Further research into the role of ncRNA has revealed that these biomolecules play key roles in disease pathways. Thus, there is interest in targeting ncRNA as an alternative therapeutic route to targeting proteins or enzymes.
How do you target RNA with small molecules?
There are several challenges in targeting RNA with small molecules that do not exist when targeting proteins. For instance, RNA has dynamic structure and has limited chemical diversity (i.e. it is comprised of four nucleotides, rather than 20 canonical amino acids like proteins). Thus, there is difficulty in designing or identifying small molecules that can target one RNA selectively amongst all other ncRNA, tRNA, and rRNA.

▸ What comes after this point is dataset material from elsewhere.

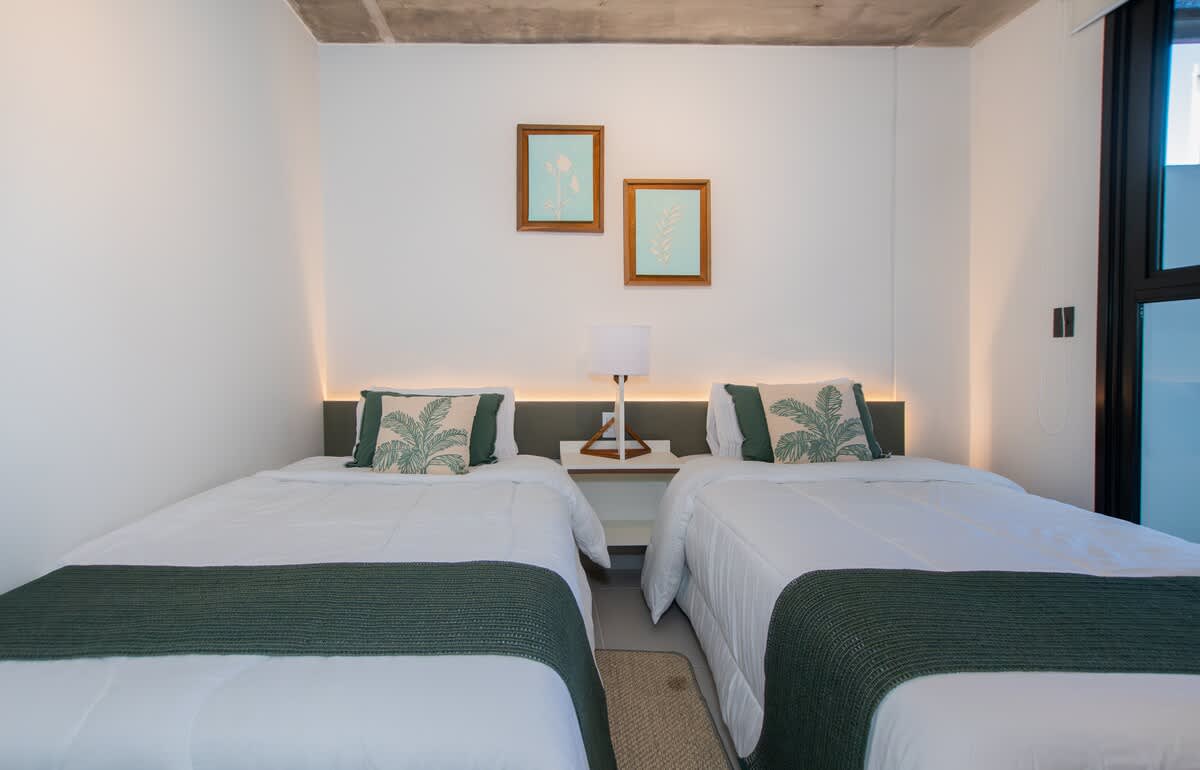 052c7423 f5e2 49 ee0cc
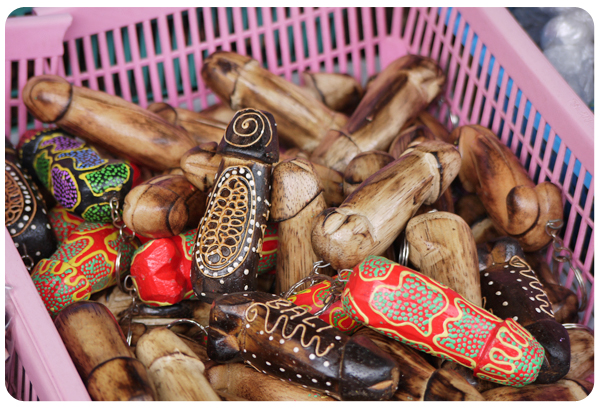 Sanur market - balinese keyrings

Despite this, there has been exciting progress toward identification of small molecules that bind RNA selectively. Research in the Hargrove lab has contributed to progress in this field by addressing three key questions:
- Which small molecules can be used to selectively target RNA?
- Which RNA structures can be targeted selectively with small molecules?
- What are the features of small molecules and/or RNA that lead to selective recognition?
Through this CURE course, first-year students will address these questions and contribute to our understanding of small molecule binding to RNA through hands-on, hypothesis-driven laboratory experiments.